(Problem statement): Leave the pictures out and write out the rest of the listing word for word.

(Information shown):
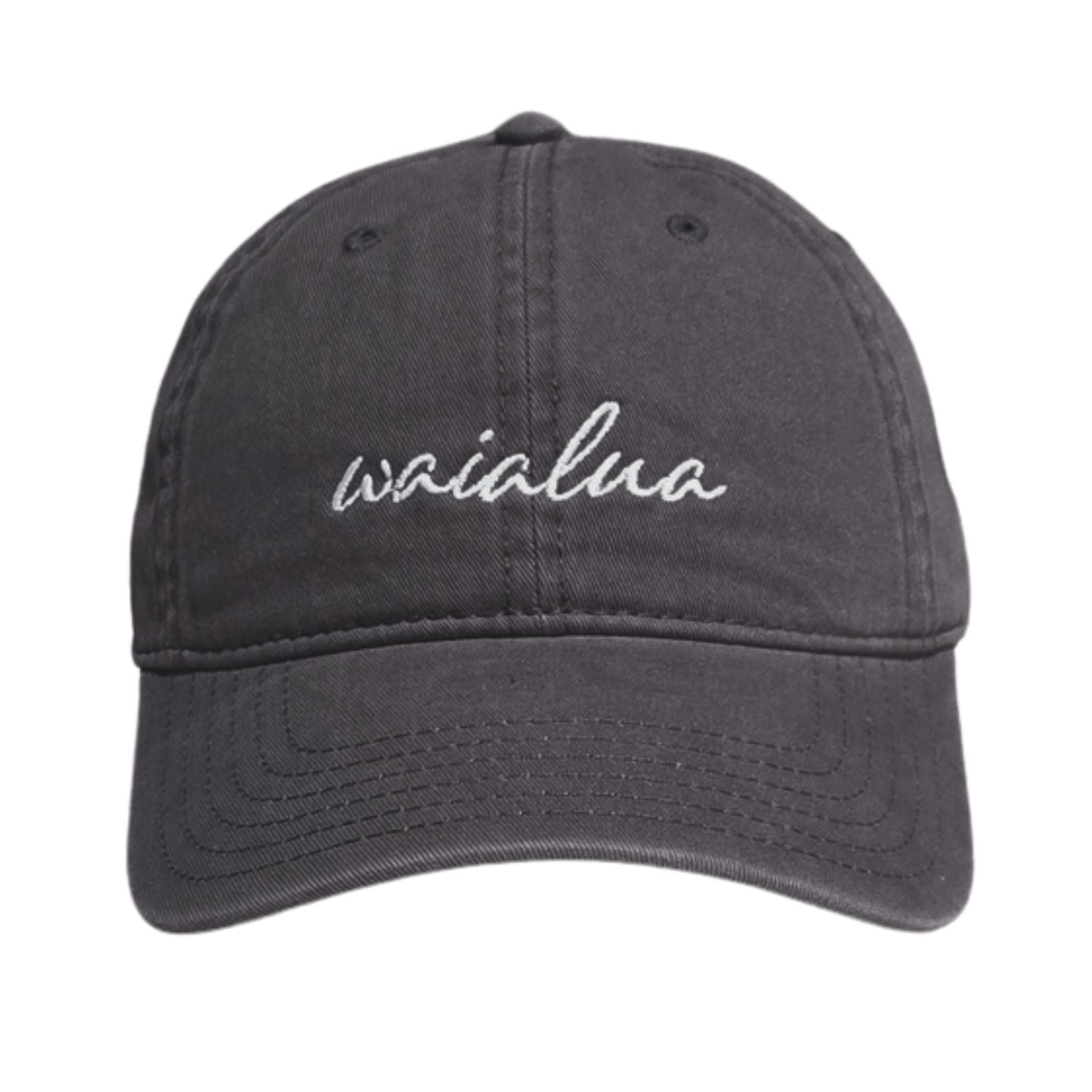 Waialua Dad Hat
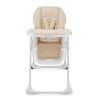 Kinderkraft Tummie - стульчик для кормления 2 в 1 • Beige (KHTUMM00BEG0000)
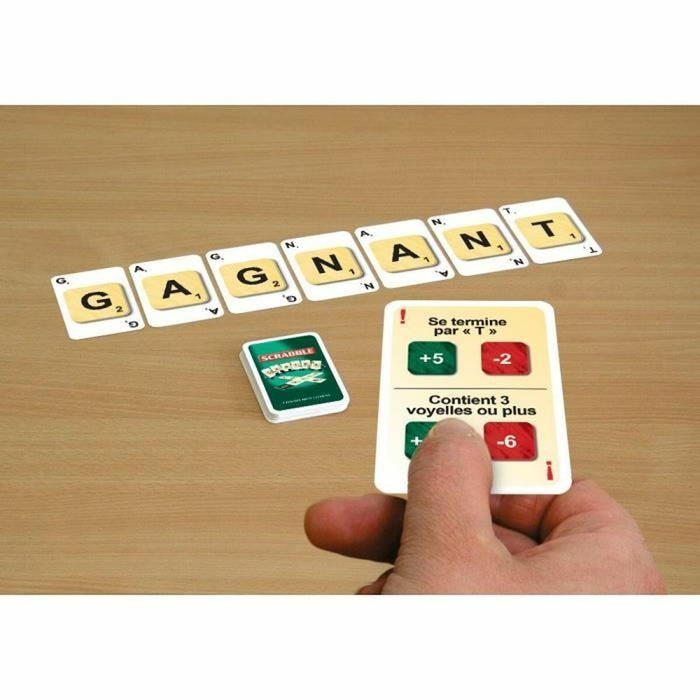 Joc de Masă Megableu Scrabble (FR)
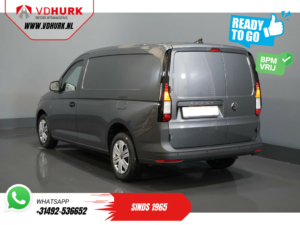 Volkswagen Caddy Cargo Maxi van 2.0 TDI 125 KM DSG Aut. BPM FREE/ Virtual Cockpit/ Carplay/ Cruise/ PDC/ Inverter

(Answer space):
 Waialua Dad Hat
 Kinderkraft Tummie - стульчик для кормления 2 в 1 • Beige (KHTUMM00BEG0000)
 Joc de Masă Megableu Scrabble (FR)
 Volkswagen Caddy Cargo Maxi van 2.0 TDI 125 KM DSG Aut. BPM FREE/ Virtual Cockpit/ Carplay/ Cruise/ PDC/ Inverter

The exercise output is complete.